10. It is not in controversy that the respondent herein made O.P.312 of 2001 for getting probate in respect of the Will of one J. Rukmani dated 18.4.1994. It is also an admitted position that the first appellant husband Srinivasan filed a caveat petition No. 37 of 2001, and only thereafter the OP was taken on file. The notice was actually directed to be served. Accordingly notice was served. Even as per the averments in the affidaivt, it would be quite clear that the summons were served upon the Counsel for the caveator. But, despite the same, there was no objection raised. Under the circumstances, the caveat was discharged on 31.7.2001, and thus the first appellant husband Srinivasan was shown as fourth respondent while all other three respondents have actually put forth their consent affidavits. It was also taken into account by the Court. At this juncture, it remains to be stated that the service of summons on the Counsel for the caveator is a sufficient service. The caveat was filed even before the filing of OP 312/2001, and despite service of summons, no objection was raised. In such circumstances, now the appellants cannot be allowed to say that there was no service proper on the caveator. The caveat was filed through a Counsel, and the service of summons was made actually. The Court has also recorded the same. Since no objection was raised, it has also been discharged on 31.7.2001; but, the order came to be passed on 18.9.2001 thereafter.
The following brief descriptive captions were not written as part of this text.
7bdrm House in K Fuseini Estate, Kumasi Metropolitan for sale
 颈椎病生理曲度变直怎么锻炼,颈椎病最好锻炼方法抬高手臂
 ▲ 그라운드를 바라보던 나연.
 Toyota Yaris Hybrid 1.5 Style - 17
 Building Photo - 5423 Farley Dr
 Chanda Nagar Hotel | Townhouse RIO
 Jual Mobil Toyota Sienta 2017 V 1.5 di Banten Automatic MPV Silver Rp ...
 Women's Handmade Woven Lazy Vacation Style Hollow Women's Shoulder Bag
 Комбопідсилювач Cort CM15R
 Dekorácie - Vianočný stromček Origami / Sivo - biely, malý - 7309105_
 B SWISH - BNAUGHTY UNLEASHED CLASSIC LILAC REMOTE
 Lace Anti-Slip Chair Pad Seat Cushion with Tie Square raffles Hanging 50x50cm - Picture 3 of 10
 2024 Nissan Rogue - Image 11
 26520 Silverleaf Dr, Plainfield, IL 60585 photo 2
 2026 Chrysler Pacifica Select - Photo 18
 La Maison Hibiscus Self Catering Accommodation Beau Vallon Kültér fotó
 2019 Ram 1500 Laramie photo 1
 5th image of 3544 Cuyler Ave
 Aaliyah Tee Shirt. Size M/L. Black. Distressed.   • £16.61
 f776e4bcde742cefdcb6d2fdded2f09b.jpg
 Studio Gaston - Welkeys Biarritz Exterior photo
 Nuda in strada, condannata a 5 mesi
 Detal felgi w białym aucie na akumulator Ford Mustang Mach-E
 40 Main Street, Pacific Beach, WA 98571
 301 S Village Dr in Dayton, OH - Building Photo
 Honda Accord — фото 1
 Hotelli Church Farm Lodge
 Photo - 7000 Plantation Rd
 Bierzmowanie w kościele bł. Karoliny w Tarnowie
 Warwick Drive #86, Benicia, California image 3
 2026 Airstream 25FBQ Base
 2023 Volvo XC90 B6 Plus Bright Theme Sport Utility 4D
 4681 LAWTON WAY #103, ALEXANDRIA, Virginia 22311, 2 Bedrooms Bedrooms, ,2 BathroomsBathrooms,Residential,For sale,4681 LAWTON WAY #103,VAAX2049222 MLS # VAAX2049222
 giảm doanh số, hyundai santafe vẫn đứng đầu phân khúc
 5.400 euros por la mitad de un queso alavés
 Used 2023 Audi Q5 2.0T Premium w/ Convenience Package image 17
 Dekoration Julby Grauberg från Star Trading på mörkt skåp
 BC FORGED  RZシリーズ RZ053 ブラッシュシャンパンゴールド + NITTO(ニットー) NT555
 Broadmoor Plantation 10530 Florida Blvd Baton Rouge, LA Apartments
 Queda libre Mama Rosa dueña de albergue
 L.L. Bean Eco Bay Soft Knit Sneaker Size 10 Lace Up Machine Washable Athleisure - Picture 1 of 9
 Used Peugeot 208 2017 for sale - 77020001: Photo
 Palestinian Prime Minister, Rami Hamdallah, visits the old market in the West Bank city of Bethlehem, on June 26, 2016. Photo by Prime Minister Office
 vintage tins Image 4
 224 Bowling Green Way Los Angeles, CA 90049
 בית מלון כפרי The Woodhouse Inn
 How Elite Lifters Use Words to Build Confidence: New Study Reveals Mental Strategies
11. Apart from the above, certain factors are noticed by the Court. The order came to be passed on 18.9.2001. After obtaining the probate, the respondent herein issued a notice to the first appellant husband Srinivasan to vacate and hand over possession of the property within a period of two months, and this was actually served upon Srinivasan on 27.11.2001, and he also made a reply on 22.1.2002 wherein he has actually pointed out that the grant of probate was not proper, and Rukmani had no absolute power over the property so as to execute a Will. Even questioning her competency to execute the Will, the said reply was given. It is further pertinent to point out that the first appellant husband Srinivasan filed O.S. No. 634 of 2002 on the file of the City Civil Court for permanent injunction restraining the respondent from interfering with the possession and enjoyment. Added circumstance is the suit filed by the respondent herein in O.S.2922 of 2002 seeking ejectment of the first appellant husband Srinivasan from the property. While all these have come into, it would be quite clear that the first appellant husband Srinivasan could not be allowed to plead that he had no knowledge about the proceedings or the grant of probate. While the probate was actually granted on 18.9.2001, the instant application came to be filed on 16.9.2004 after a long lapse of time. The intervening circumstances were the notice, reply and the suits by the parties. All would clearly indicate that he had got full knowledge about the proceedings; but he did not come forward to set it aside. Now the application filed under Section 263 had no legs to stand. That apart, not only there must be substance but also cause to set it aside. Unless and until he is able to show the same, the relief cannot be granted. This Court is unable to notice anything, and apart from long lapse of time, it was only an invention in order to drag on the proceedings. Now the contentions put forth by the learned Senior Counsel for the appellants do not carry any merit whatsoever. Under the circumstances, the learned Single Judge was perfectly correct in dismissing the application, and it does not require any disturbance in the hands of this Court.
12. In the result, this original side appeal is dismissed leaving the parties to bear their costs.